#### [THE PROBLEM]
Only one stretch of the data below is wanted: the lines from the one with "corporate professionals having" through the one with "A hotel room", repeated exactly.
─── SOURCE MATERIAL ───
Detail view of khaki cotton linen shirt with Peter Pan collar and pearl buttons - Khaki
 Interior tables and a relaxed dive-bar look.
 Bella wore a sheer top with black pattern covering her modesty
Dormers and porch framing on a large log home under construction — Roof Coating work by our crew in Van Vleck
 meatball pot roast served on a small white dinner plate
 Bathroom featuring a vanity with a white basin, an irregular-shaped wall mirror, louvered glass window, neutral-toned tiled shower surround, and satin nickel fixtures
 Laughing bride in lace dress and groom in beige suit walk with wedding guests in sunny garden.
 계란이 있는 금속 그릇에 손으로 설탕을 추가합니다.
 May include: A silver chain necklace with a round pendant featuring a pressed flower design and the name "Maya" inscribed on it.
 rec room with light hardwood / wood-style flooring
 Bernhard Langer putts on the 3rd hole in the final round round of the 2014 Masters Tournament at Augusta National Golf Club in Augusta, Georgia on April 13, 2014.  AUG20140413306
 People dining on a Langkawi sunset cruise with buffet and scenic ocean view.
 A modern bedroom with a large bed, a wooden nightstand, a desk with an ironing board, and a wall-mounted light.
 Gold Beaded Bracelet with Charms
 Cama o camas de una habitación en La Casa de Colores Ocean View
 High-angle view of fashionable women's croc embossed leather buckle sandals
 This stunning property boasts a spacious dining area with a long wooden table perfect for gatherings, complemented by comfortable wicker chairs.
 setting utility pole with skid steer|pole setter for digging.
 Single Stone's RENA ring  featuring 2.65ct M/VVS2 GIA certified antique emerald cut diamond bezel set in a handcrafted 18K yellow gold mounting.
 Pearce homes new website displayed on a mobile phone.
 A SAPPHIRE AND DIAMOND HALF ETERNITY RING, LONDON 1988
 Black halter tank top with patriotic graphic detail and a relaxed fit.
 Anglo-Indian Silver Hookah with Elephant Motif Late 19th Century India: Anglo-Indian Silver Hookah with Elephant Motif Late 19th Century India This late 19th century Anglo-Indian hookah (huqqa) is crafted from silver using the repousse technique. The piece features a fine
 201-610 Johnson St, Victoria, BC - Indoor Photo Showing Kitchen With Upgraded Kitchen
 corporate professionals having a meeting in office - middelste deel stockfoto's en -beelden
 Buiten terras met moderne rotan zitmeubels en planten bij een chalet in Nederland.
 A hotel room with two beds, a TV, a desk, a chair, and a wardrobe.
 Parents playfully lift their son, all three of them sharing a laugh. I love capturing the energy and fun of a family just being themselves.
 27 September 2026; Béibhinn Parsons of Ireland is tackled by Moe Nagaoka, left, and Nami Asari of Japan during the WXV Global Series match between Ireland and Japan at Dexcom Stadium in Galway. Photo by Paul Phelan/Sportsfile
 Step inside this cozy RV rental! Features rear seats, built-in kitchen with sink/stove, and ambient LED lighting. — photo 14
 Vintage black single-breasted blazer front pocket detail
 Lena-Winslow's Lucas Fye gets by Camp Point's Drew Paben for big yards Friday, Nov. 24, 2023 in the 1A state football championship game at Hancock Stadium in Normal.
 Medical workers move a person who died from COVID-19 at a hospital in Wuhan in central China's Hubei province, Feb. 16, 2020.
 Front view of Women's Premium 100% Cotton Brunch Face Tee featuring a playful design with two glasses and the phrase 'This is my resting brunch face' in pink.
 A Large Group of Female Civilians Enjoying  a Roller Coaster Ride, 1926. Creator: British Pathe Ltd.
───
#### [ANSWER TO THIS EXERCISE]
 corporate professionals having a meeting in office - middelste deel stockfoto's en -beelden
 Buiten terras met moderne rotan zitmeubels en planten bij een chalet in Nederland.
 A hotel room with two beds, a TV, a desk, a chair, and a wardrobe.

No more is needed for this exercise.